Demikian pula orang yang berpuasa agar tubuhnya sehat, atau agar hilang
penyakitnya yang bisa disembuhkan dengan puasa, maka jadilah penyembuhan
merupakan tujuannya atau diantara tujuannya dan puasa dibarengkan dalam
tujuannya. Lalu ia melakukan puasa disertai dengan tujuan-tujuan ini.
Hal ini tidaklah merusak puasanya, bahkan Nabi shallallahu 'alaihi wa
sallam telah memerintahkan dalam sabdanya, "Wahai para pemuda, barang
siapa diantara kalian yang telah mampu maka menikahlah, barang siapa
yang tidak mampu maka hendaklah ia berpuasa, karena puasa bisa menjadi
perisai baginya", yaitu pemutus syahwatnya. Maka Nabi memerintahkan
berpuasa untuk tujuan ini, jika hal ini bisa merusak keabsahan puasa,
tentunya Nabi tidak akan memerintahkan hal ini dalam peribadatan, dan
juga tidak menyertakan tujuan ini dalam niat ibadah. Diantaranya juga
orang yang memperbarui wudhunya agar lebih segar dan lebih bersih.
Seluruh tujuan-tujuan ini tidaklah terdapat padanya pengagungan makhluk.
Akan tetapi hanyalah pensyerikatan perkara-perkara kemaslahatan yang
tidak memiliki indra, dan tidak bisa memiliki indra (penglihatan) dan
tidak layak untuk diagungkan. Maka hal ini tidaklah merusak keabsahan
ibadah…
Benar bahwasanya tujuan-tujuan ini yang mencampuri ibadah bisa jadi
mengurangi ganjaran ibadah. Ibadah yang tujuannya murni dan bersih dari
tujuan-tujuan duniawi ini maka pahalanya lebih besar dan banyak. Adapun
dosa dan batilnya ibadah maka tidaklah ada dalilnya" (Al-Furuuq li
Al-Qoroofi, tahqiq : Umar Hasan Al-Qiyyaam, Muassasah Ar-Risalah,
cetakan pertama 3/10-12)
Akan tetapi tentunya ada perbedaan antara seseorang yang niatnya murni
semata-mata karena mencari ganjaran akhirat, lantas setelah itu ia
memperoleh kenikmatan-kenikmatan dunia. Maka orang yang seperti ini
tentunya tidak berkurang sama sekali pahalanya. Berbeda dengan seseorang
yang sejak awal beribadah dalam niatnya sudah tercampur niat keduniaan
(untuk memperoleh harta dunia) maka orang inilah yang pahalanya
berkurang. (Lihat Ihkaam Al-Ahkaam karya Ibnu Daqiiq al-'Ied hal 492,
tahqiq Mushthofa syaikh, terbitan Muassasah Ar-Risalah, cetakan pertama)

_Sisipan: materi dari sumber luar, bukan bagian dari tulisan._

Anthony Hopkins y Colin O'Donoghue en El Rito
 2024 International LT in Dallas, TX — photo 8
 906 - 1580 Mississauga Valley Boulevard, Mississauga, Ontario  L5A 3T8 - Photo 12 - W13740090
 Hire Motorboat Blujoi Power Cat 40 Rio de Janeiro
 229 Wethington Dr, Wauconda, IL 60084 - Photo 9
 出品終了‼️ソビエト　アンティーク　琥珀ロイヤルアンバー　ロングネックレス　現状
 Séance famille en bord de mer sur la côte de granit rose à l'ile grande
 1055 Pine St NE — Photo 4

Seorang yang berjihad niatnya semata-semata untuk menegakkan kalimat
Allah dan berharap ganjara akhirat, lantas setelah itu ia memperoleh
gonimah harta rampasan perang musuh maka pahalanya sempurna. Karenanya
Nabi shallallahu 'alaihi wa sallampun serta para sahabat mengambil harta
rampasan perang. Berbeda halnya dengan seseorang yang sejak awal
berangkat berjihad niatnya sudah tercampur dengan tujuan untuk
memperoleh harta rampasan perang. Nabi shallallahu 'alaihi wa sallam
bersabda ;
مَا مِنْ غاَزِيَةٍ تَغْزُو فِي سَبِيْلِ اللهِ فَيُصِيْبُوْنَ
الْغَنِيْمَةَ إِلاَّ تَعَجَّلُوا ثُلُثَيِ أَجْرِهِمْ مِنَ الآخِرَةِ
وَيَبْقَى لَهُمُ الثُّلُثُ وَإِنْ لَمْ يُصِيْبُوا غَنِيْمَةً تَمَّ
لَهُمْ أَجْرُهُمْ
"Tidaklah ada pasukan yang berjihad di jalan Allah lalu memperoleh
harta gonimah kecuali mereka telah menyegerakan dua pertiga pahala
akhirat mereka, dan tersisa bagi mereka sepertiga pahala akhirat mereka.
Jika mereka tidak memperoleh gonimah maka sempurnalah pahala mereka" (HR Muslim no 1905)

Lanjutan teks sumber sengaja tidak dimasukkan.